What you should do: Print the data exactly. Pictures stay out.

[Opening Exercise data section]

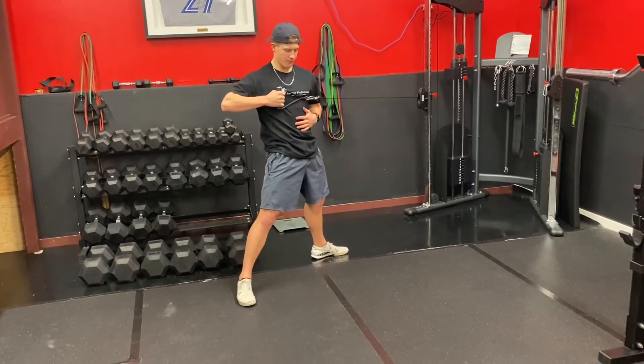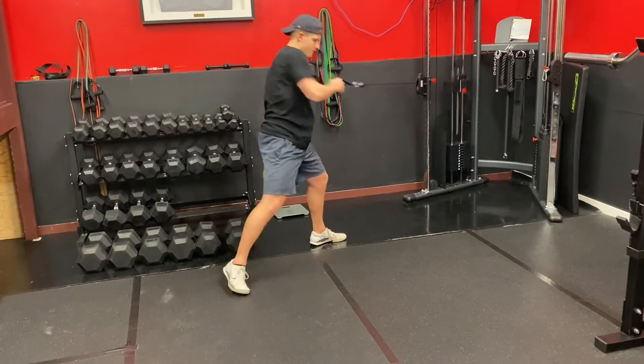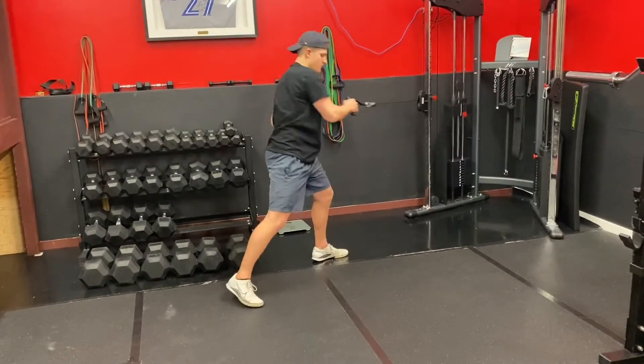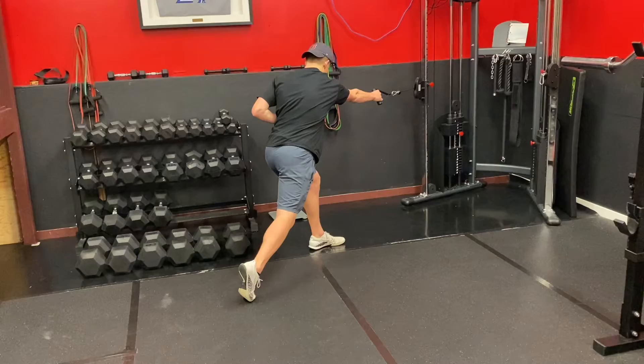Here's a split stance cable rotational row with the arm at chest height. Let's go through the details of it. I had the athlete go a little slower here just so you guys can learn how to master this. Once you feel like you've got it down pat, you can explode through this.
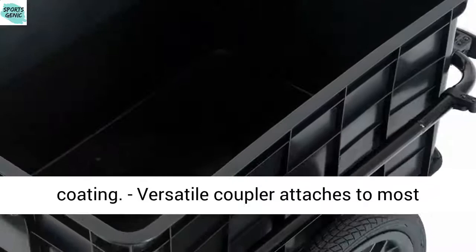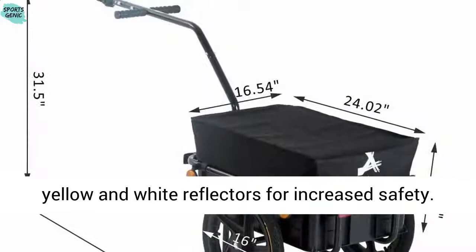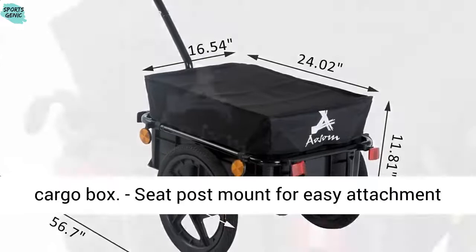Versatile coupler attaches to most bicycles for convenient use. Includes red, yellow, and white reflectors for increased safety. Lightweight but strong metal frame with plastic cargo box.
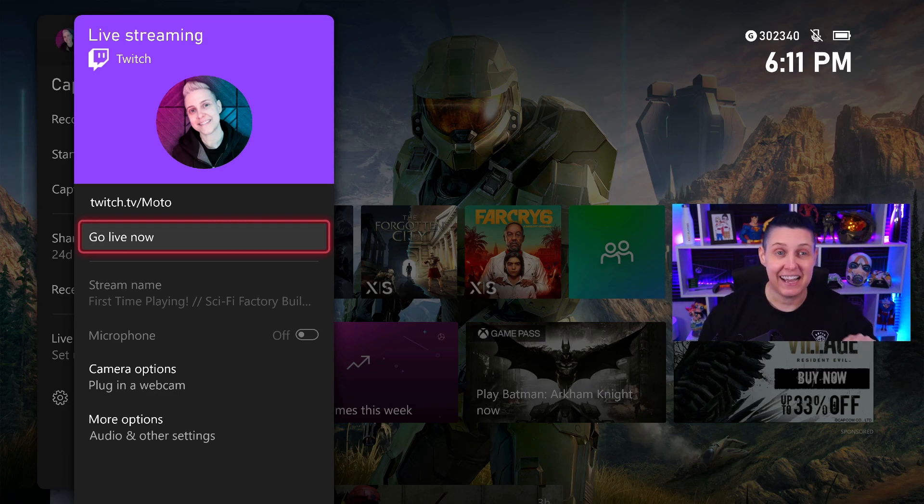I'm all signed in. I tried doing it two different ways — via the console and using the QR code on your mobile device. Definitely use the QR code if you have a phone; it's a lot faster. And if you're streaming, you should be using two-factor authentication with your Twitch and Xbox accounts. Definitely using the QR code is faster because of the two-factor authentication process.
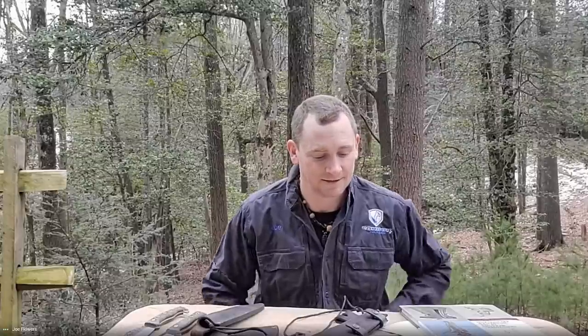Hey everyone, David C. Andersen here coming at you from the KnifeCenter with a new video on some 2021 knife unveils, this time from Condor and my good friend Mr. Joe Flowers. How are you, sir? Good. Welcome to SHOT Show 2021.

[Closing Exercise data section]

Answer to this problem:
Here's a split stance cable rotational row with the arm at chest height. Let's go through the details of it. I had the athlete go a little slower here just so you guys can learn how to master this. Once you feel like you've got it down pat, you can explode through this.
Versatile coupler attaches to most bicycles for convenient use. Includes red, yellow, and white reflectors for increased safety. Lightweight but strong metal frame with plastic cargo box.
I'm all signed in. I tried doing it two different ways — via the console and using the QR code on your mobile device. Definitely use the QR code if you have a phone; it's a lot faster. And if you're streaming, you should be using two-factor authentication with your Twitch and Xbox accounts. Definitely using the QR code is faster because of the two-factor authentication process.
Hey everyone, David C. Andersen here coming at you from the KnifeCenter with a new video on some 2021 knife unveils, this time from Condor and my good friend Mr. Joe Flowers. How are you, sir? Good. Welcome to SHOT Show 2021.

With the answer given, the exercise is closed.